To install this app on iOS and iPadOS
  1. Tap the Share icon in Safari
  2. Scroll the menu and tap Add to Home Screen.
  3. Tap Add in the top-right corner.
To install this app on Android
  1. Tap the 3-dot menu (⋮) in the top-right corner of the browser.
  2. Tap Add to Home screen or Install app.
  3. Confirm by tapping Install.

Help needed (Cache, Parity a.s.o. )

Featured Replies

Hello,

 

i am using the 6.1 server but i hope any of you can help me. as a -nix noob i can tell you that i only know how to use putty and know some very basic linux/unix commands but that's it.

 

my config - 9 x 3 GB wd red 8x data, 1x parity , 3 smaller ssds as cache devicees - asus Z97-C i5 Intel (quad) 32 gigs of ram, a 16port sas/sata3 controller a.s.o.

 

i configured the cache by adding the 3 ssds (256, 128 and 64 GB) and it choose the biggest one to be the master - the other ones don't show up as mounted.

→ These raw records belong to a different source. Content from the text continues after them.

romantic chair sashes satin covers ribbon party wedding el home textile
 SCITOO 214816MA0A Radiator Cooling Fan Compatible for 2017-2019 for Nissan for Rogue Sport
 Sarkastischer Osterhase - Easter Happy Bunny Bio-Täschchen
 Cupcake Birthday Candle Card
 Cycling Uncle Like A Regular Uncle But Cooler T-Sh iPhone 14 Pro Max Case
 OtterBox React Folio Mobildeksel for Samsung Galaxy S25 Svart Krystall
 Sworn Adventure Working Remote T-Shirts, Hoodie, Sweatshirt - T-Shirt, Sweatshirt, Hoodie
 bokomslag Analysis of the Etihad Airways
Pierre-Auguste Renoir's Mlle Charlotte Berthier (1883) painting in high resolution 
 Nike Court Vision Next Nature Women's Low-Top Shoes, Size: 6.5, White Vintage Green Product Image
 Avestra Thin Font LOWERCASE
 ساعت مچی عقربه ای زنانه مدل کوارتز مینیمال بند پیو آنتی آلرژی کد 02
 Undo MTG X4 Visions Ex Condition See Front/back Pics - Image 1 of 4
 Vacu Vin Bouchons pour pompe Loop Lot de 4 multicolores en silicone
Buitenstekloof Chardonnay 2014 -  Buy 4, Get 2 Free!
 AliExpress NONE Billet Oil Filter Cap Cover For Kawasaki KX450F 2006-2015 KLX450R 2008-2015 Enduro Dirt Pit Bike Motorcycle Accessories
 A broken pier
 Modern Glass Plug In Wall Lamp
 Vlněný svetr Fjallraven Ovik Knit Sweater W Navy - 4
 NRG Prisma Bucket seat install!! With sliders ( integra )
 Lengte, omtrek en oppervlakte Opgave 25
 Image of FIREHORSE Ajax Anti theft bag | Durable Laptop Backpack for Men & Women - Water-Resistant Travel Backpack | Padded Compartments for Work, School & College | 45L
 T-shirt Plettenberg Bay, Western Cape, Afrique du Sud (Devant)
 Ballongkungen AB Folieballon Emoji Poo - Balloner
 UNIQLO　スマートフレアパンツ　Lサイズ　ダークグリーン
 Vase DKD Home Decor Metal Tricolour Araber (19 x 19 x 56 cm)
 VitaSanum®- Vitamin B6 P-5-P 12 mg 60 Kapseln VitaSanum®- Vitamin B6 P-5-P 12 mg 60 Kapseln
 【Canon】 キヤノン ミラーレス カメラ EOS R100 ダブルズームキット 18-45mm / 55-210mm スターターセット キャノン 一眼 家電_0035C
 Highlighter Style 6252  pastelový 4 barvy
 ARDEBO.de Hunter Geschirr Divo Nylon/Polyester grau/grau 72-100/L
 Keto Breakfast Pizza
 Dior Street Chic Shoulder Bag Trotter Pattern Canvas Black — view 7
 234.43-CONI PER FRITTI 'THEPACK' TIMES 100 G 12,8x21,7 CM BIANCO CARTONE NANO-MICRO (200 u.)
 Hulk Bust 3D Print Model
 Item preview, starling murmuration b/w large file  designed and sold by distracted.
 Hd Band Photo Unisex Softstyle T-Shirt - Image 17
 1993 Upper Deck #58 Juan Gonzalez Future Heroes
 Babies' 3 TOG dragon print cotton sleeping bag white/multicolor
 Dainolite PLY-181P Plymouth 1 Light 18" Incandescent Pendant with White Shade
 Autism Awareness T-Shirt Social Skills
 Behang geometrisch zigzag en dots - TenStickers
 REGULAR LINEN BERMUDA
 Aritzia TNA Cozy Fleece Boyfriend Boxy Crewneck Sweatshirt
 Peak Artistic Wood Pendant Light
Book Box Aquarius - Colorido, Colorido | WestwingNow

than i added cache support for all user shares - that's where the trouble started - i thought the cache would be something like a fifo buffer rather than a thing one has to flush from time to time aka invoking the mover ... so when i tried to fill my raid smb shares with data strange things started to happen - most of the time i got no more space available errors - in the worst case my network connection crashed and i had to restart my Win10 PC sometimes hard reset the server itself ...

 

then i found out about btrfs scrub - and it found 24 non recoverable errors on my biggest sshd :( - is there any chance that i can wipe that sshd with dban or something similar without screwing up the system entirely ?

 

for the time being i switched off the cache support completely - at least the file transfers don't crash as often as they did ...

 

any ideas on how to check and wipe the "defective" ssd clean ?

 

now parity - if the parity check finds read/write errors on an HDD - does that mean that this errors will be mapped out ? or do i have to replace the complete hdd ?

any way to speed up the parity check - takes like 24++ hours for only 4 of the 8 3 gig drives ...

 

 

cheers - ahab

  • Community Expert
now parity - if the parity check finds read/write errors on an HDD - does that mean that this errors will be mapped out ? or do i have to replace the complete hdd ?

Not really sure what you are asking here.    The drives themselves include logic that will attempt to reallocate sectors that appear to be failing regardless of what the host system does.  The SMART attributes for a drive will show whether this has happened or not.  unRAID does include some logic so that if a read fails then as long as all the other drives and parity can be read then unRAID can reconstruct what it should have read.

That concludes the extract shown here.